Padre de familia, parte 2ª.

Aunque a menudo recreaba en su mente aquellos momentos, aún no sabía pasado inmóvil observando los inertes ojos abiertos de su hija y los turbios cabellos de su esposa mecidos por el gélido viento, pero fue el suficiente para dar tiempo a que llegara la policía, e instantes después, una ambulancia. Según supo más tarde, el accidente fue culpa del camión. O más bien, de su conductor, un cocainómano sin ni siquiera carnet de conducir que lo acababa de robar. Sabía conducir un coche (y robar) un coche desde que tenía quince años, pero no un camión. No por asfalto cubierto de hielo. Y sobre todo, no con los reflejos distorsionados por los estupefacientes ni  con un conductor que, distraído por su bella esposa, parando su coche junto a él. Al parecer, una semana después, antes del juicio, se ahorcó. Pero no le guardaba rencor. Y menos  después de que se suicidase. La culpa no era de nadie, son cosas que pasan… Pero él era culpable. No del accidente, desde luego. Pero sí de haber culpado a su mujer de él. Apenas fue una fracción de segundo, desde que notó que había tenido un accidente hasta que abrió los ojos y vio las consecuencias de éste. Incluso cuando vio a su hija agonizante la culpó, pero en menos de lo que se tarda en parpadear, comprendió que era demasiada culpa para una persona que le quería cuyo único fallo fue tratar de avisarles de lo que podía pasar. Entonces es cuando se arrepintió. La vio caer muerta. Y lo último que había pensado sobre ella mientras estaba en vida…fue que era la causante de la muerte de la hija de ambos.

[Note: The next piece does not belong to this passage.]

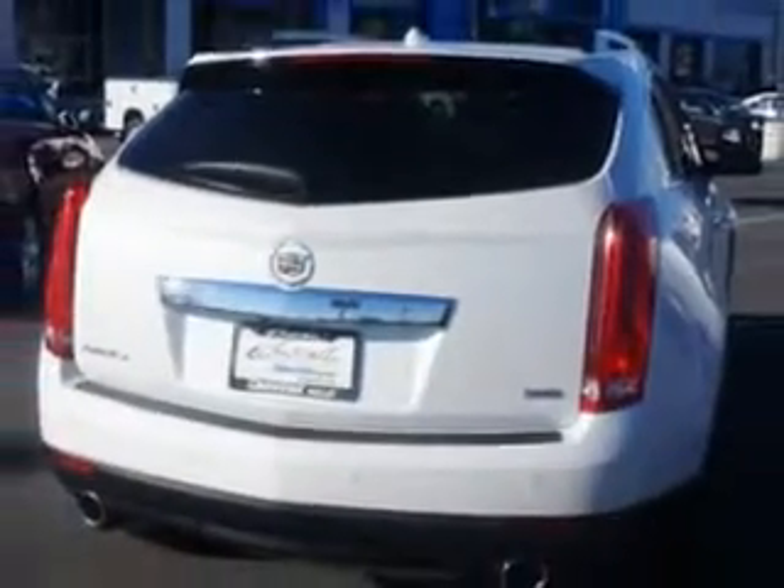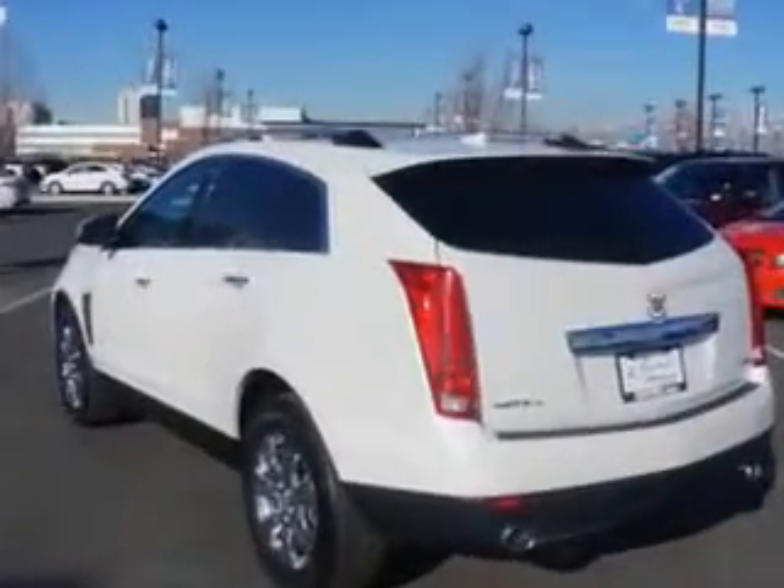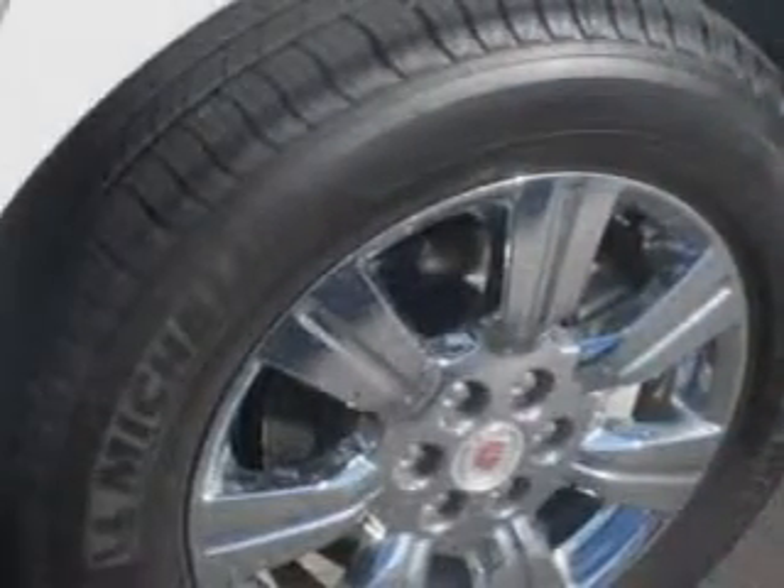Enjoy an impressive 23 miles to the gallon on this great SUV with features like remote power door locks, leather upholstery, heated driver and passenger seating, power sunroof, fuel data display, heated outside mirrors, blind spot detection information system, and power lumbar seats.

Cuando te sientes culpable de una tragedia así, incluso si lo eres, todos, hasta tú mismo, te ayudan a superarlo, diciendo cosas como que no es culpa de nadie, que tenía que pasar, que no pudo evitarse y otras banalidades. Pero ¿cómo se superaba el culpar a alguien inocente, a alguien que ya se ha ido, a alguien que en vida fue la persona que más quisiste hasta que te dio otra personita con la que compartir ese puesto? ¿Cómo iba a perdonarse no haberse despedido de las dos personas a las que más quiso jamás? ¿Cómo iba siquiera a sentirse humano después de haber cogido el coche sin preocuparse de nada, permitiendo que una niña pequeña fuese en la parte delantera del vehículo y que su mujer se jugara la vida cerrando la puerta? Estaba claro que no había forma alguna.
Por suerte, el seguro le indemnizó tan generosamente que no tendría que volver a trabajar en años si seguía llevando la vida que hasta entonces había tenido. Pero ya no tenía vida. Apenas comía. No tenía a quién regalar juguetes por las buenas notas, ni a quién sorprender con una cena romántica. No tenía, por supuesto, motivos para comprarse nada, se odiaba. Tampoco gastaría combustible con un coche que, no sabía por qué, reparó, pues no tenía un trabajo al que ir, una hija a la que llevar a clase, una familia con la que ir al campo los domingos, ni jamás tendría una hija a la que enseñar a conducir con el coche viejo, así que lo vendió. Y lo mismo hizo con la casa… ¿Para qué dos pisos estando él sólo? ¿Para qué un castillo sin sus dos princesas? Decidió coger todo el dinero que consiguió y mudarse a la modesta pensión frente al hospital, en la que tuvo su primera “cita” con su ya difunto amor. Con suerte, alguien le metería un tiro mientras dormía para llevarse el dinero, y si le detenían, en su testamento había dejado bien claro que la mitad del dinero sería para el asesino, en agradecimiento por aliviarle sufrimiento y en compensación por la probable pena de cárcel, y la otra mitad para unos suegros a los que no se atrevía mirar a la cara.
Así vivó unas semanas. Se despertaba aterrado en mitad de la noche varias veces, reviviendo aquel momento, deseando no morir ante aquel camión que al verlo aceleraba en lugar de frenar, no quería dejar una huérfana y una viuda tan jóvenes y guapas. Pero entonces despertaba, veía que  eran ellas las que le habían dejado solo, y por muy egoísta que sonara, deseaba haberse ido él. O haberse despedido de ellas como merecían…o al menos, sin reprocharles nada. Por el día, bajaba una o dos veces como máximo al restaurante que había justo bajo su habitación. Cuando tenía una vida, había estado muchas veces, durante un tiempo iba casi a diario. Era donde comían los trabajadores del hospital a los que no les gustaba la comida que se servía en los comedores de éste. Los internos considerados por sí mismos “rebeldes”, y sobre todo el personal no sanitario. Entonces los veía. Era el único contacto con la sociedad que tenía. Pero sabía que jamás nadie le llegaría a importar una milésima parte de lo que le importó su familia, y si se odiaba a sí mismo, también a los demás.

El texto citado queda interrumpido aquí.